Perhaps the oddest request came in March 2018, when he rose just before Mrs May was to give a statement on rapidly deteriorating relations with Russia after the poisonings in Salisbury and asked if the prime minister was aware — how could she not be? — that a charity in his constituency had just set a world record for ringing the highest number of triangles. 'This is yet another reason why Southend should be made a city,' he observed. As I wrote in my Times sketch that day: 'This is the way the world ends. Not with a bang but a tinkle.'
'Yet another reason' was a familiar refrain. A rummage through Hansard finds the claim that 'Leigh fishermen catch the finest fish in the world'; Southend being a regional winner in the Tiffin Cup for South Asian restaurants; rough sleeping in the borough falling by 85 per cent; schoolchildren making 7,500 ceramic poppies; its record number of centenarians; and Sir Michael Parkinson opening an extension to Southend’s jazz centre all given as yet another reason why its civic status deserved an upgrade.
After Sir David was murdered, parliamentarians including Mr Speaker and the Home Secretary said there would be no better tribute than to make Southend a city for the Queen’s platinum jubilee next year, while Boris Johnson had apparently already promised Sir David that he would deliver it within days of him becoming prime minister in 2019 and we know how he keeps his word.
Technically, of course, the decision belongs to Her Majesty and she may already be familiar with the jewel of the Essex coast to judge by Sir David’s comments on her 90th birthday. 'Her eyes glazed over,' he told MPs, 'as I went on and on'. This was after she had asked him about the changes he had seen in parliament but it would have been out of character for him not to slip in a mention of the world’s longest pier or that Dame Helen Mirren, who has so often stood in for the Queen, had gone to school in Southend.
It is wrongly believed that a city must have a cathedral: 14 of the 57 cities in England and Wales do not. There are also seven cities in Scotland and five in Northern Ireland. Nor does having a cathedral make you a city. St Albans may have had an instant elevation on becoming a new diocese in 1877, despite one civil servant writing on the file that it was 'only a fourth or fifth-rate market town', but there are six cathedrals in towns: Blackburn, Brecon, Bury St Edmunds, Guildford, Southwell and Rochester, the last having its status downgraded after 787 years as a city in 1998 after a local government reorganisation.
The main criteria now are that a city must be of a decent size, have a well-defined character that makes it the centre of a wider area and a good record of local government. Taking into account the sprawl of the Southend area, spilling into Rochford and Castle Point, the town’s population of 185,000 becomes almost 300,000, placing it fifth behind Bournemouth, Middlesbrough, Birkenhead and Reading in the list of urban areas that aren’t cities.

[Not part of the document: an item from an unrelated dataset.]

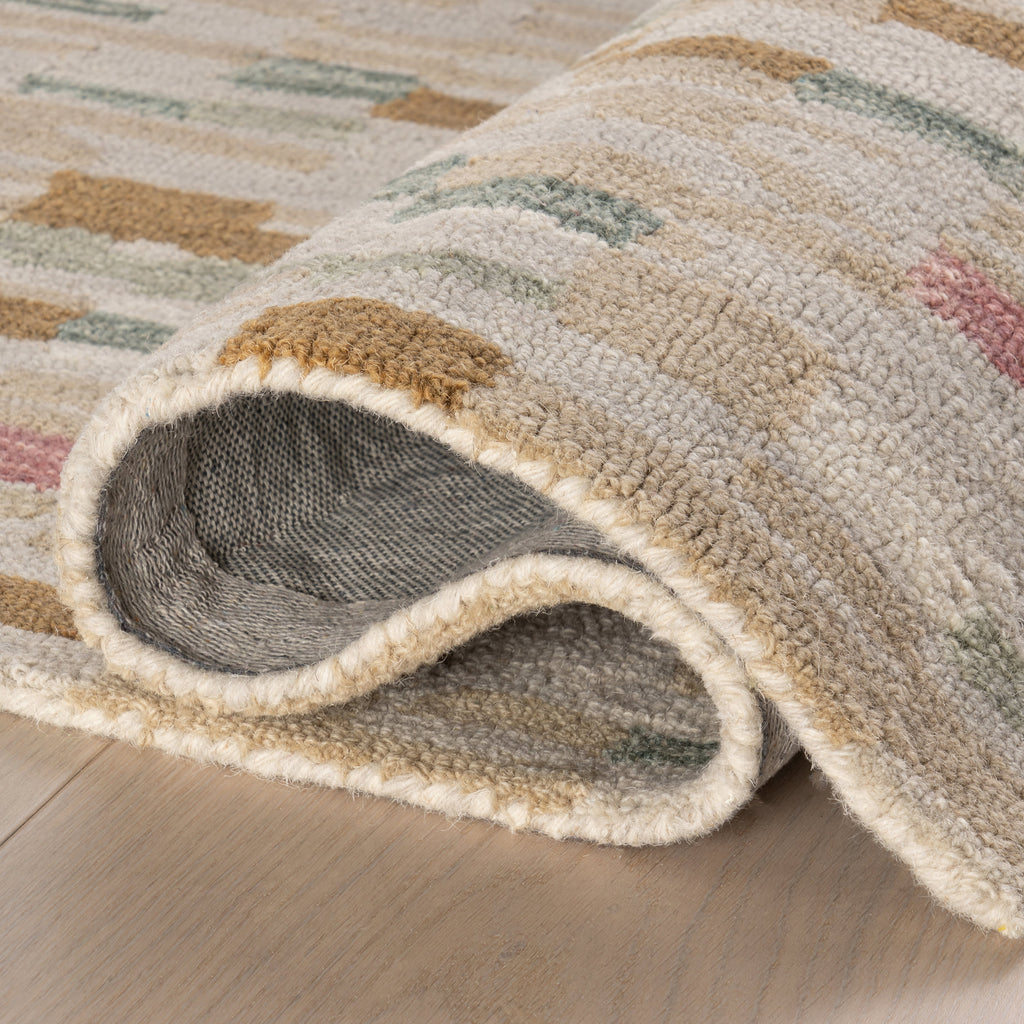 Ashmore Hand Micro Hooked Wool Rug | Multi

Eleven cities have been created since 2000 to mark the new millennium and the Queen’s golden and diamond jubilees. It was after Wolverhampton, Inverness and Brighton and Hove were rewarded 21 years ago that Sir David began his campaign, first raising his hopes that Southend’s turn would come next just before the Christmas recess. It then became his theme song.
Sir David even secured two half-hour adjournment debates on the matter. For the first, in 2011, he explained that when he grew up in the East End summer trips to Southend, with its amusement arcades and cockles and shrimps, were a heavenly treat. When the Queen favoured Chelmsford, just 20 miles away, for an upgrade in 2012, he wailed to the Leader of the House: 'We were robbed'.
For a spell, Sir David focused instead on getting Southend named as the city of culture for 2017. When that was awarded instead to Hull, he constantly referred to his town as being 'the alternative city of culture'.
Having been promised by Johnson that his wish will finally come true, Sir David had been campaigning with new vigour, inviting ambassadors to come crabbing. Taiwan, Qatar and the Philippines took the bait, with India and Germany reportedly keen. 'They all arrive in Southend and just cannot understand why we are not a city,' Sir David lamented to minister after minister at question time.
James Brokenshire, whose own recent untimely death will also be marked by tributes in the Commons this week, sounded the most enthusiastic. 'I am not unsympathetic given that it is my birthplace,' the then housing secretary told him in 2019. 'I commend the work that he is doing.' If sentimentality has its way, that vote of support should end the matter.